DBSASLABEL= Data Set Option

Specifies how the engine returns column labels.

Valid in: DATA and PROC steps (when accessing DBMS data using SAS/ACCESS software)
Category: Data Set Control
Default: COMPAT
Data source: Amazon Redshift, Aster, DB2 under UNIX and PC Hosts, DB2 under z/OS, Greenplum, Hadoop, HAWQ, Impala, Informix, JDBC, Microsoft SQL Server, MySQL, Netezza, ODBC, OLE DB, Oracle, PostgreSQL, SAP HANA, SAP ASE, SAP IQ, Snowflake, Spark, Teradata, Vertica, Yellowbrick
Note: Support for Spark and Yellowbrick was added in SAS 9.4M7.
See: DBSASLABEL= LIBNAME option

Syntax

DBSASLABEL=COMPAT | DBMS | NONE

Syntax Description

COMPAT

specifies that the labels returned should be compatible with what the application normally receives.
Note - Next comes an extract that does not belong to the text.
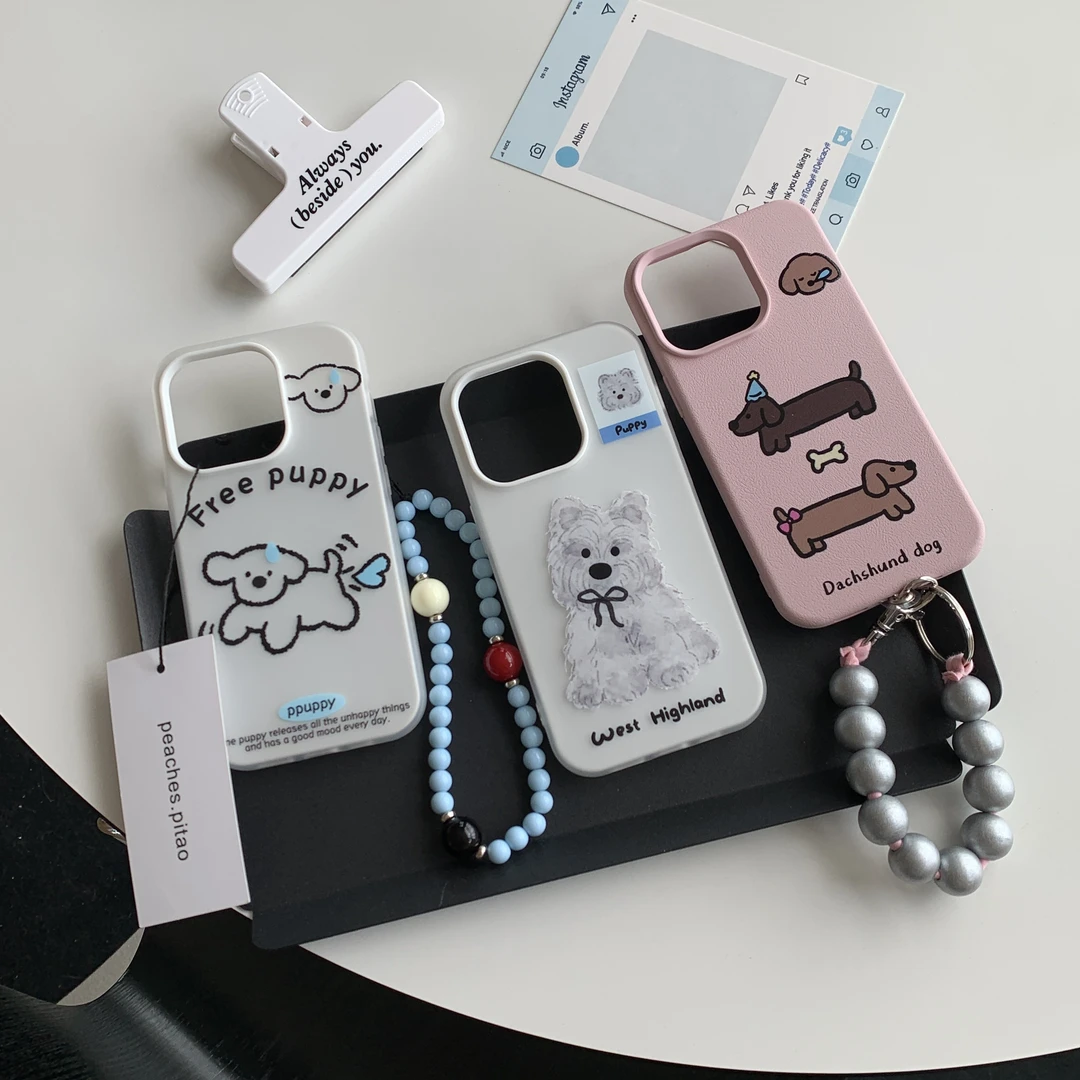 简约卡通狗狗二合一适用于苹果iphone系列15/14/13/12手机壳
In other words, engines exhibit their normal behavior.

DBMS

specifies that the engine returns a label exactly as it is stored in the database.

Supports SAP HANA

NONE

specifies that the engine does not return a column label. The engine returns blanks for the column labels.

Details

By default, the SAS/ACCESS interface for your DBMS generates column labels from column names instead of from the real column labels.

You can use this option to override the default behavior. It is useful for when PROC SQL uses column labels as headings instead of column aliases.
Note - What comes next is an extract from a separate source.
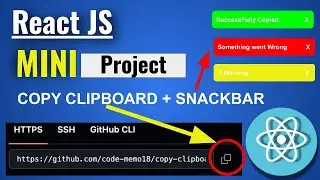 React Mini Project: Clipboard Copy + Custom Snackbar implimentation | resuseable Snackbar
Example: Return Blank Labels for Aliases in Headings

This example shows how to use DBSASLABEL= to return blank column labels so that PROC SQL can use the column aliases as the column headings.

proc sql;
     select deptno as Department ID, loc as Location
     from mylib.dept(dbsaslabel=none);

When DBSASLABEL=NONE, PROC SQL ignores the aliases, and it uses DEPTNO and LOC as column headings in the result set.